Start of THE INPUT
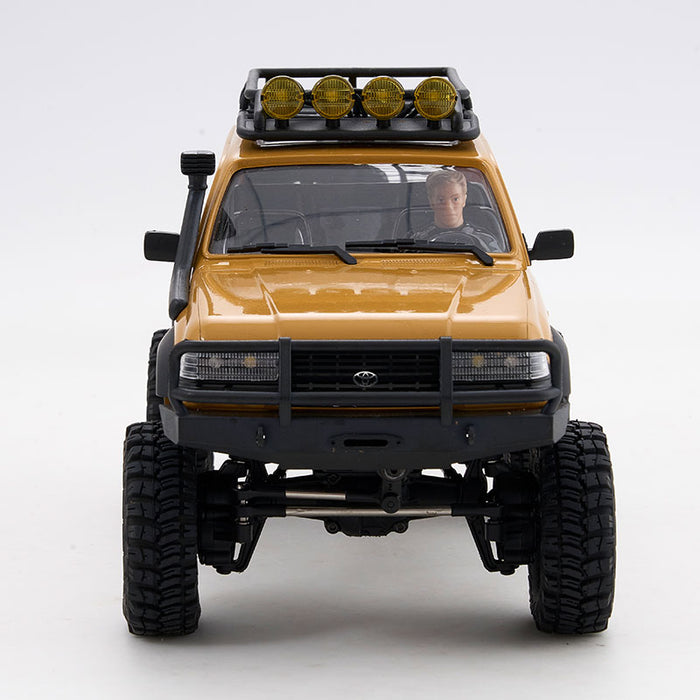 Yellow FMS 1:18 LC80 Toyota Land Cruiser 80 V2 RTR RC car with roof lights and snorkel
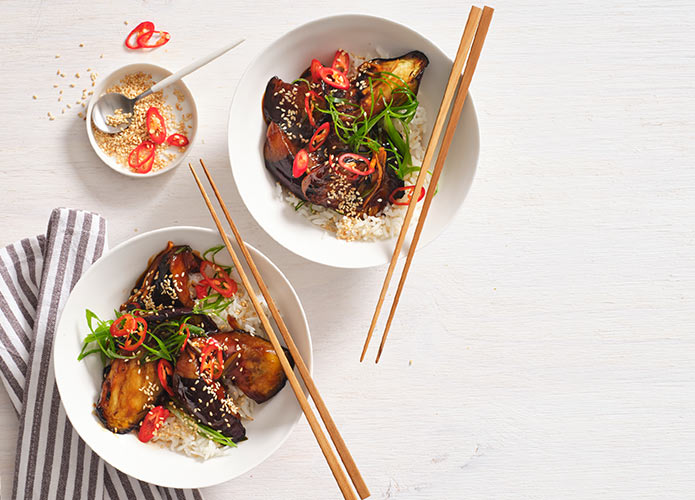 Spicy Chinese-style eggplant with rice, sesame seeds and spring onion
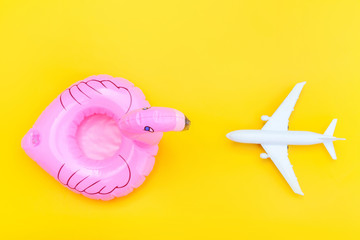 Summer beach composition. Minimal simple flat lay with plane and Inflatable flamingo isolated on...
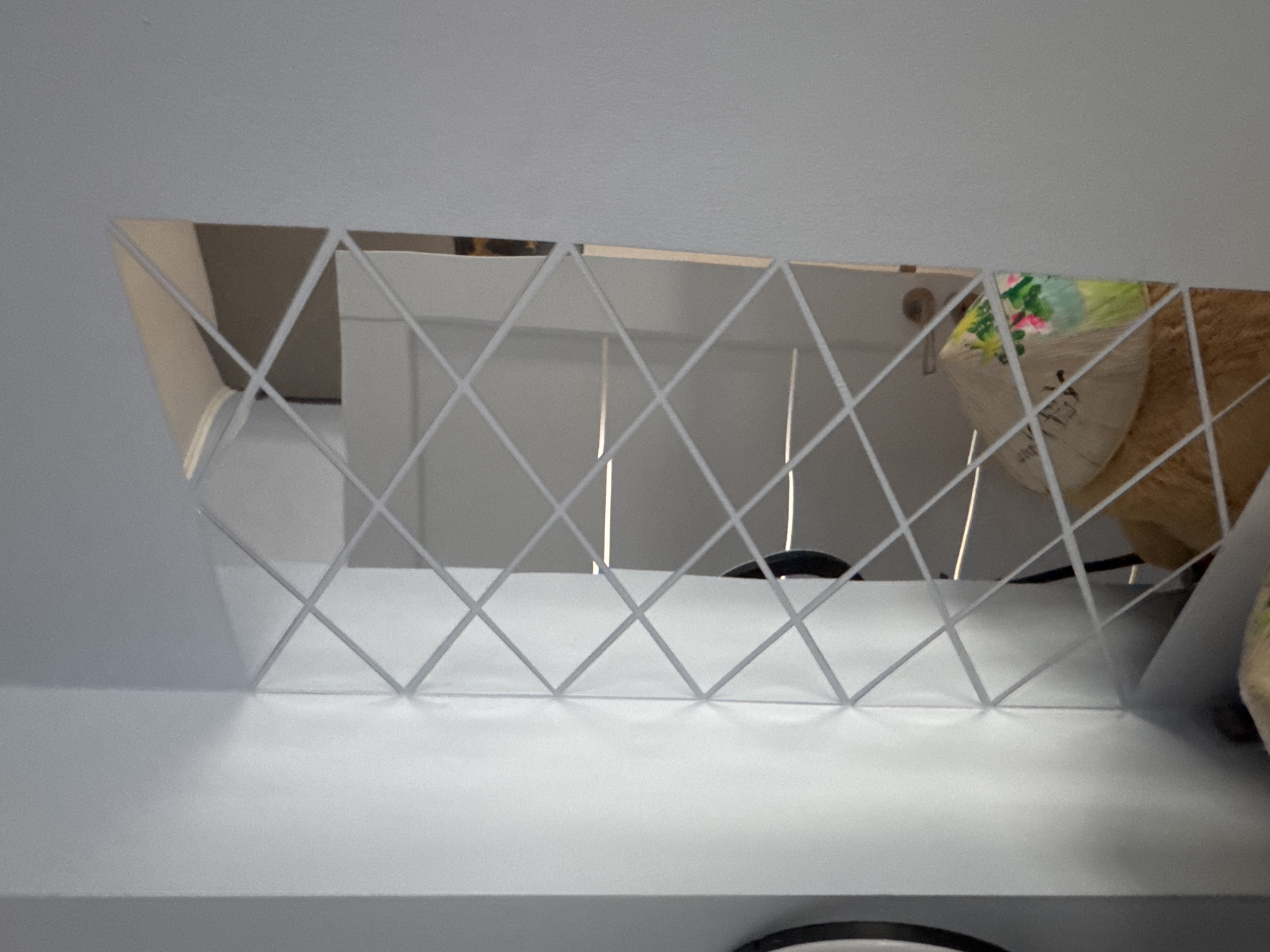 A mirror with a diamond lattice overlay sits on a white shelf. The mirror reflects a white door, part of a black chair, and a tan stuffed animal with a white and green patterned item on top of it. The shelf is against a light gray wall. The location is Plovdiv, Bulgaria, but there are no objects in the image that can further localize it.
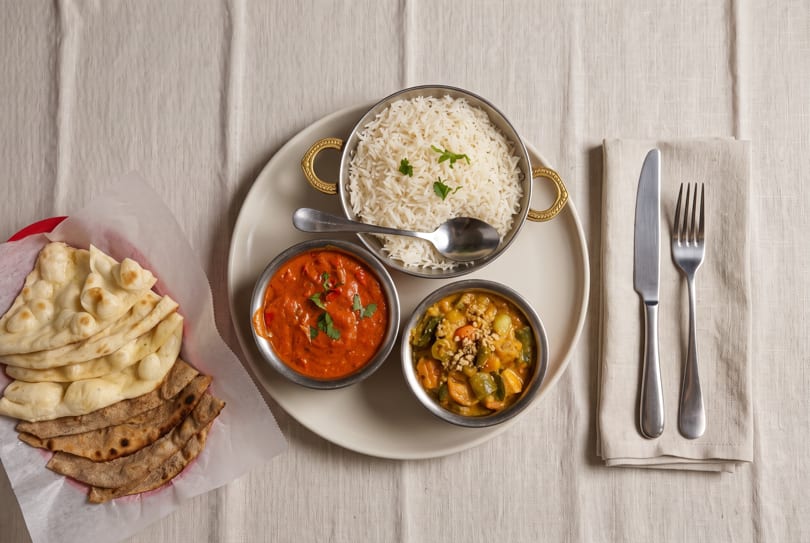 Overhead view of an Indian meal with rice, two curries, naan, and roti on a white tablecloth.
End of THE INPUT
Start of THE INPUT
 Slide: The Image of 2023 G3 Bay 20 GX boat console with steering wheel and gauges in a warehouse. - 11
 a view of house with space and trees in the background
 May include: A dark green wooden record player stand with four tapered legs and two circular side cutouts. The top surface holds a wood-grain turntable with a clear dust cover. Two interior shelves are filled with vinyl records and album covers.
End of THE INPUT
Starting with the line that has "Yellow FMS 1:18" and going on through the line that has "Overhead view of", transcribe the records above exactly, but skip the pictures.

• **EXERCISE SOLUTION**
 Yellow FMS 1:18 LC80 Toyota Land Cruiser 80 V2 RTR RC car with roof lights and snorkel
 Spicy Chinese-style eggplant with rice, sesame seeds and spring onion
 Summer beach composition. Minimal simple flat lay with plane and Inflatable flamingo isolated on...
 A mirror with a diamond lattice overlay sits on a white shelf. The mirror reflects a white door, part of a black chair, and a tan stuffed animal with a white and green patterned item on top of it. The shelf is against a light gray wall. The location is Plovdiv, Bulgaria, but there are no objects in the image that can further localize it.
 Overhead view of an Indian meal with rice, two curries, naan, and roti on a white tablecloth.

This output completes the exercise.